Dans la sphère relationnelle, prendre le temps d’échanger devient presque un luxe. Le paradoxe moderne est peut-être de penser qu’il n’y a jamais eu autant d’outils de communication (internet, MSN, réseaux sociaux) et que nous communiquons peut-être de moins en moins bien. A la verticalité, à la profondeur et à la qualité des relations, nous préférons souvent l’horizontalité, la quantité des échanges et les relations zapping. Comme si la relation verticale à l’autre, l’échange d’émotions, la rencontre des mondes intérieurs nous faisaient peur.
– La frénésie de l’action, une fuite en avant qui masque le vide de sens :
Le modèle que l’on trouve souvent en métropole est de tromper la peur du temps qui passe en se jetant corps et âme dans l’action, ce que l’on nomme aussi la work addiction ou la dépendance du travail. Ce modèle est d’autant plus pernicieux qu’il est très souvent socialement valorisé. Avec ce modèle, le collaborateur est pris dans un tourbillon et changement permanents. Naturellement, à ce jeu, seuls les jeunes résistent. Le taux d’inactivité des seniors particulièrement élevé en métropole en est certainement le symptôme.
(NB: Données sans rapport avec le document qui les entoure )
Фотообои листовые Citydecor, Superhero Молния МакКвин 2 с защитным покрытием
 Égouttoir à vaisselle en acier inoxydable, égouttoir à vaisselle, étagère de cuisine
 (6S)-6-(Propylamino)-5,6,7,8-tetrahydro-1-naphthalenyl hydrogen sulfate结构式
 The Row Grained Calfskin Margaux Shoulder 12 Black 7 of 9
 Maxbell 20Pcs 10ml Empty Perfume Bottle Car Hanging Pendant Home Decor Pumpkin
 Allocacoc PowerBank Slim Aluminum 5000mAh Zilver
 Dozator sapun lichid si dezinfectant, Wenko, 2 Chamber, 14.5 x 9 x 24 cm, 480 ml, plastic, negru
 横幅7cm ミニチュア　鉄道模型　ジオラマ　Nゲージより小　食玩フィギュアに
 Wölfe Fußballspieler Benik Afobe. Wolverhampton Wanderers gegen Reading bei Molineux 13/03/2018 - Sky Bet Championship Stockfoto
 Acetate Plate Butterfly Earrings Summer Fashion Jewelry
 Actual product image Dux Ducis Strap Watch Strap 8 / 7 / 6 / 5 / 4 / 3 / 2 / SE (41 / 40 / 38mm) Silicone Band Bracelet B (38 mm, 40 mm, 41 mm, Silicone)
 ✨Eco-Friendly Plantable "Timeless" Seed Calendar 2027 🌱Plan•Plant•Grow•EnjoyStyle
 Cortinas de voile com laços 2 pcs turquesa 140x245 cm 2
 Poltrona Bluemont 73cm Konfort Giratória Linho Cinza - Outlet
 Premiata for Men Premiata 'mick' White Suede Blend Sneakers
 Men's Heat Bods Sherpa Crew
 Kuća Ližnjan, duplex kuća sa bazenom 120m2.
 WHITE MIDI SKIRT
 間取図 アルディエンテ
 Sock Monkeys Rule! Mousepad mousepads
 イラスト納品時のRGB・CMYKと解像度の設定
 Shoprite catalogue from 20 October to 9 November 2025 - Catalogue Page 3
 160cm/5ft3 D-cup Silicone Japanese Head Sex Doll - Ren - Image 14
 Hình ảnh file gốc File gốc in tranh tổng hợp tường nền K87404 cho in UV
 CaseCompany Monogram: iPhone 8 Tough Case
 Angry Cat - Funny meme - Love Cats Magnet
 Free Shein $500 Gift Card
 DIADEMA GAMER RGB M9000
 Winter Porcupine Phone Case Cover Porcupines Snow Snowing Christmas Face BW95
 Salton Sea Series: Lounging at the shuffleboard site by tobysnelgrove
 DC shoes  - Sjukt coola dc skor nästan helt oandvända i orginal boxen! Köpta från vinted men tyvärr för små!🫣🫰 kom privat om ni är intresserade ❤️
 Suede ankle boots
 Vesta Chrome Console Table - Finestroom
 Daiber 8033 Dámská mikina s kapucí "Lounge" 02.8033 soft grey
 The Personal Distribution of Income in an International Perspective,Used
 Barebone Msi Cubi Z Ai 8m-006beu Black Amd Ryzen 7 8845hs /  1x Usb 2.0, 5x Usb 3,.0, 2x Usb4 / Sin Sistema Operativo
A l’heure du temps subi, la Polynésie offre peut-être un espace unique pour qui veut sortir du conformisme social, pour construire un temps choisi. A la frénésie du mouvement, certains peuvent s’affranchir et choisir le sens de l’action. A l’horizontalité de l’action ou au temps zapping, certains peuvent préférer la verticalité de l’action et le temps réfléchi. Le temps donne la mesure de toute chose et plutôt que de devenir l’otage du temps, il est peut être plus profitable d’apprendre à l’apprivoiser. Comme dit le proverbe chinois : «Ne vous inquiétez pas d’avancer lentement .Inquiétez-vous seulement si vous êtes arrêtés ».